You have learned well from Rosa's tactics of "arguing", I must say. But you're just as annoying.

red cat
19th February 2010, 20:56
You have learned well from Rosa's tactics of "arguing", I must say. But you're just as annoying.

What are you talking about? :confused:

StoneFrog
19th February 2010, 21:24
This has gotten a little out of hand, all i was asking is information from the trotskyists. This is exactly why i couldn't get a straight answer, too many people wanting to debunk other tendencies.



Maybe a few Trots can answer me a few questions:

-What exactly is meant by permanent revolution and how will that play out in modern times?
-What is the reasoning for a Vanguard party?
-Why do some Trotskyists support the transitional program and others dont, kinda looking for some reasoning, form both sides.


Thank you,
-Wn.M

Girl A
19th February 2010, 21:37
Argh, come on, I'm not a Trotskyist but this is the Learning forum. Can't the tendency wars stay off? Debates and discussions aren't necessarily bad but this isn't the place for an argument, just information... =\

Muzk
19th February 2010, 21:39
He started (http://www.revleft.com/vb/showpost.php?p=1676097&postcount=3)

back to topic..



-What exactly is meant by permanent revolution and how will that play out in modern times?
-What is the reasoning for a Vanguard party?
-Why do some Trotskyists support the transitional program and others dont, kinda looking for some reasoning, form both sides.

red cat
19th February 2010, 21:44
He started (http://www.revleft.com/vb/showpost.php?p=1676097&postcount=3)

back to topic..

No he didn't. Apparently he was also confused, like myself, by the existence of multiple historical lines. Trotskyites should make things clearer to those who want to learn.

The Ben G
19th February 2010, 22:38
Its awesome, thats what!

ChrisK
19th February 2010, 23:17
This wouldn't matter even if it where true, but its not, and this was acknoleged by Paul Avrich.

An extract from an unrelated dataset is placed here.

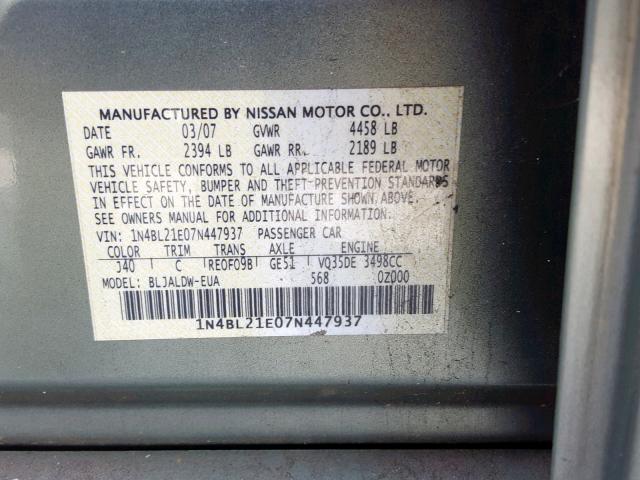 1N4BL21E07N447937 - 2007 NISSAN ALTIMA 3.5 GREEN photo 10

http://libcom.org/library/the-kronstadt-uprising-of-1921-by-lynne-thorndycraft


You didn't read what I said. I said that there were different people, not a change from workers to peasants. That part of the book is him showing that they were peasants both at the time of revolution and during the rebellion. Just different peasants.



I think this was a lie made up by the bolsheviks to justify there attack

There are documents to back this up. I've got to go to work soon, but I'll post them tonight.



the NEP was planed well before the Kronstadt uprising.

But it could have been implemented and planned well before things reached the boiling point.

ChrisK
19th February 2010, 23:22
Q says the dictatorship started from 1918. So I suspect that Lenin and Trotsky must have master-minded imposing this dictatorship.

Muzk isn't Q, their opinions differ. And no, the dictatorship started around 1924 with Stalin beginning his consolidation of power and reached fruition around 1928.

ChrisK
19th February 2010, 23:33
-What exactly is meant by permanent revolution and how will that play out in modern times?

A permanent revolution is an argument that underdeveloped countries can start a communist revolution, that will spark a world wide revolution. It agrues that the revolution in the underdeveloped country won't create socialism until industrialized nations have a revolution and help industrialize the underdeveloped one.

In today's world this is less likely due to the spread of industry, I think that now it would be more along the lines that more exploited countries would be the starting place for revolution.


-What is the reasoning for a Vanguard party?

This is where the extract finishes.